Work to be completed
Transcribe, exactly and without pictures, the lines below from the line with "Embroidered Flower Leaves" to the line with "Stretchy Floral Cheongsam", both ends included, and no others.

Record extracts
* * *

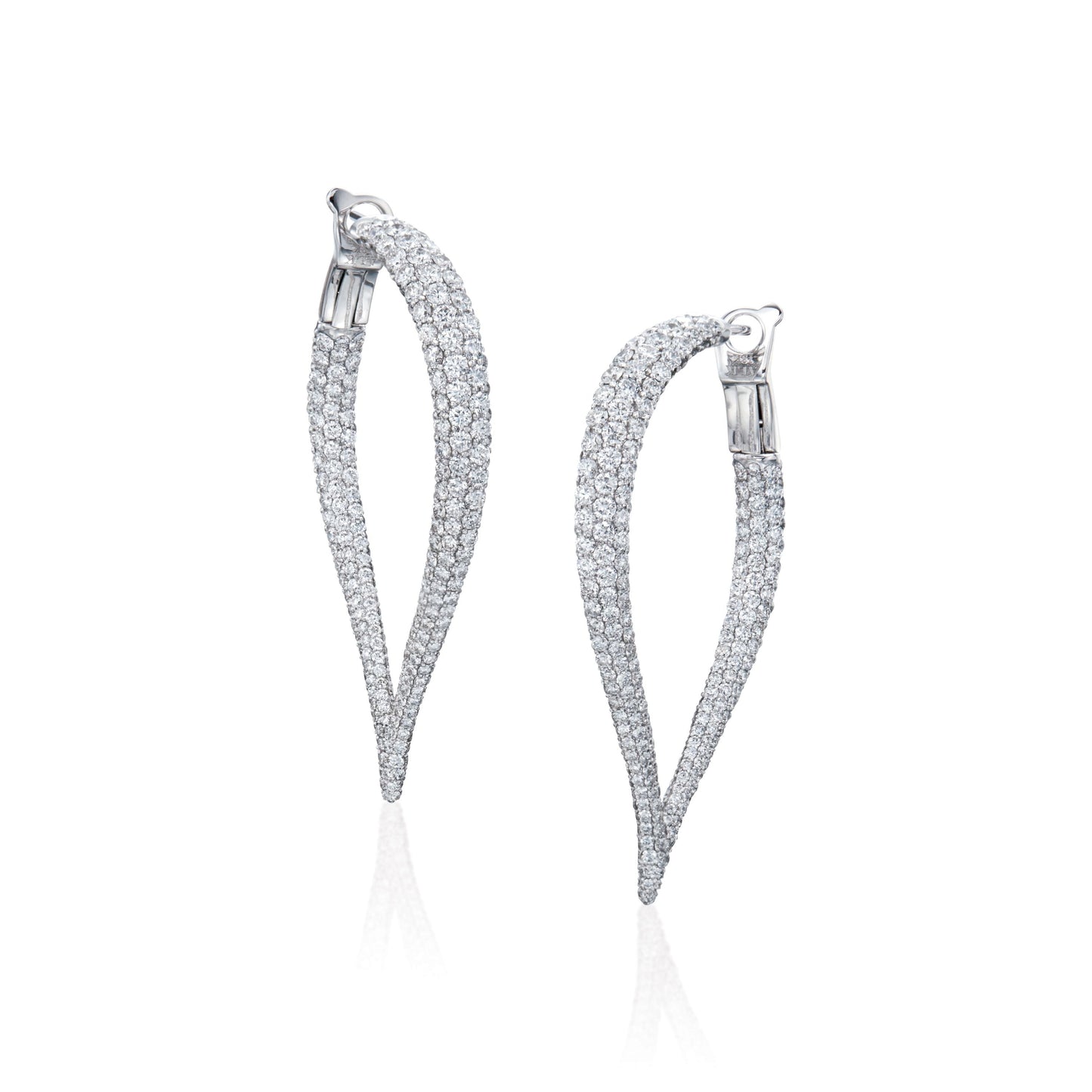 14K White Gold Diamond Pave Tapered Teardrop Earrings 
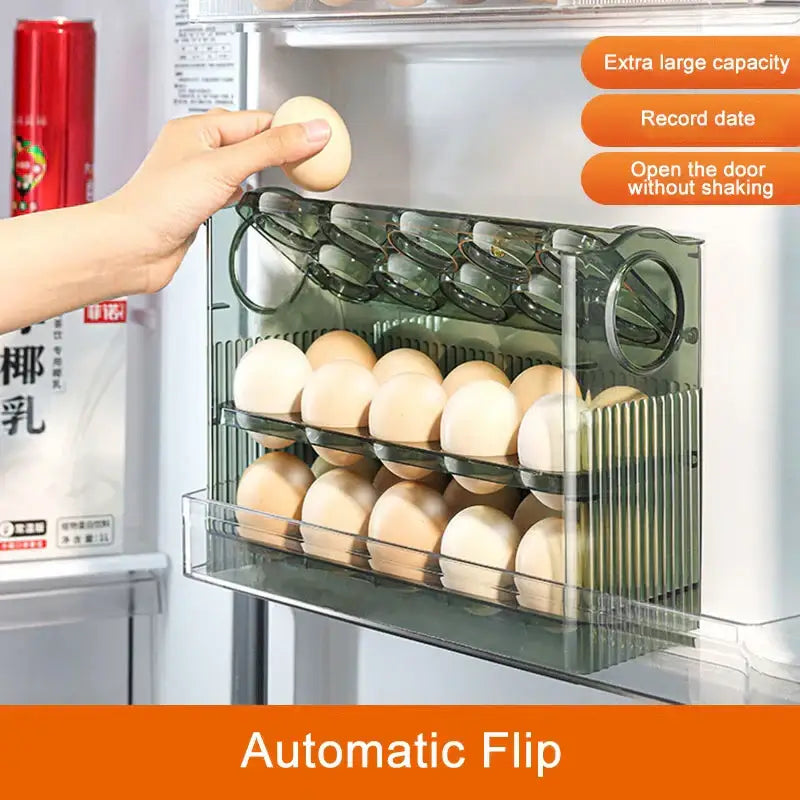 Clear plastic 30 grid multi tier egg holder dispenser with transparent design and circular handles for kitchen storage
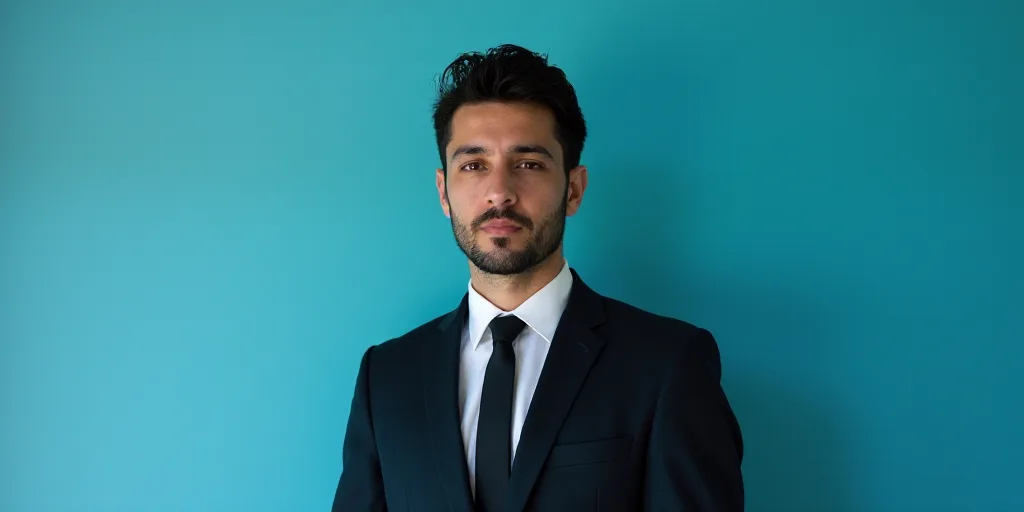 a man in a suit and tie standing in front of a blue background with a black and white photo, Alejand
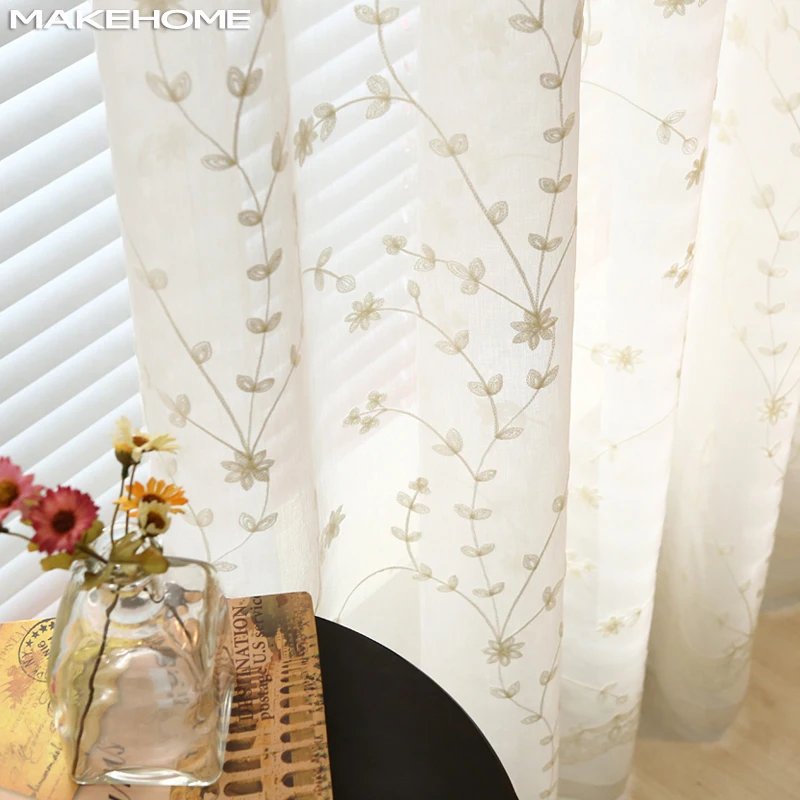 

Embroidered Flower Leaves Tulle Curtains For Living Room White Blue Sheer Voile Curtains For Bedroom Finished Curtain Drapes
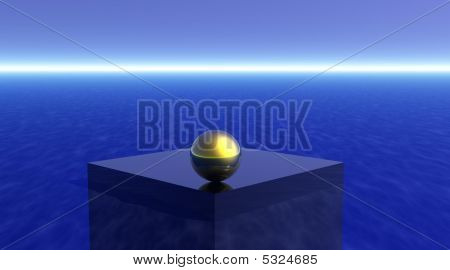 Gold Ball Alone In The Sea
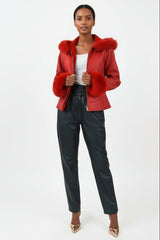 kurze rote echte Damen-Lammfell Jacke mit Kapuze mit Reißverschluss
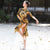 Stretchy Floral Cheongsam Dress Chinese Style Dance Costume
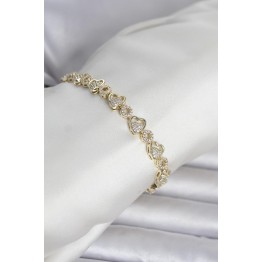 Pirinç Gold Renk Zirkon Taşlı Kalp Model Kadın Bileklik TJ-BB8431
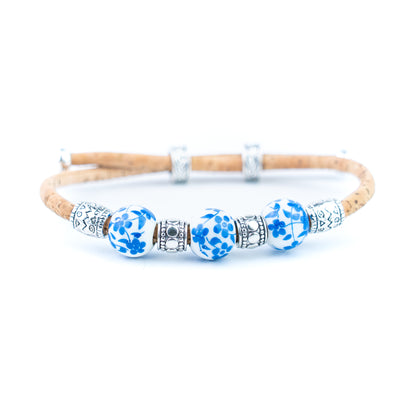 Natural Cork Bracelet with Floral Ceramic Beads – Set of 10 Assorted Colours DBR-066-MIX-10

* * *

Output for this exercise
Embroidered Flower Leaves Tulle Curtains For Living Room White Blue Sheer Voile Curtains For Bedroom Finished Curtain Drapes
 Gold Ball Alone In The Sea
 kurze rote echte Damen-Lammfell Jacke mit Kapuze mit Reißverschluss
 Stretchy Floral Cheongsam Dress Chinese Style Dance Costume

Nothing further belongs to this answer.